Eichinger continued negotiations to produce a big-budget adaptation, speaking with directors including Chris Columbus, Peyton Reed, and Peter Segal. After pre-production briefly went underway in 1996, Eichinger and his company began production in 2004 of Fantastic Four, released by 20th Century Fox in 2005, with an estimated $90 million budget, and released to commercial success despite negative reception. Following that film's 2005 release, Eichinger and Constantin produced a $130 million sequel, Fantastic Four: Rise of the Silver Surfer in 2007, to both critical and commercial disappointment.

A critically panned reboot for the franchise, named Fantastic Four, was released by 20th Century Fox in 2015. The Walt Disney Company, through its acquisition of 20th Century Fox's owner 21st Century Fox in 2019, made Marvel regain the film rights to the Fantastic Four. Joseph Culp, who portrayed Doctor Doom in the unreleased film, released a petition on Change.org in February 2024 in an attempt to have the film released by Marvel Studios.

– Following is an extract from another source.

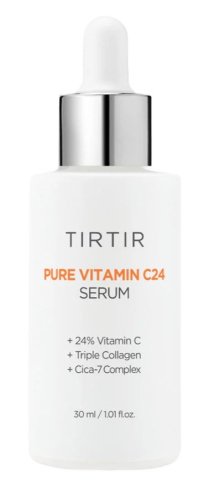 TIRTIR - Pure Vitamin C24 Serum - Rozświetlająco-ujędrniające serum do twarzy w witaminą C - 30 ml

Marvel Studios subsequently produced a second reboot set in the Marvel Cinematic Universe (MCU), entitled The Fantastic Four: First Steps in 2025, to positive critical reception and box office success. The four principal actors of the 1994 film – Alex Hyde-White, Rebecca Staab, Jay Underwood, and Michael Bailey Smith – all made cameo appearances in that film.

==Documentary film==

A documentary about the film was released on July 10, 2015. Titled Doomed!: The Untold Story of Roger Corman's The Fantastic Four, it featured interviews with Corman and others in the cast and crew explaining what transpired with the film and its production.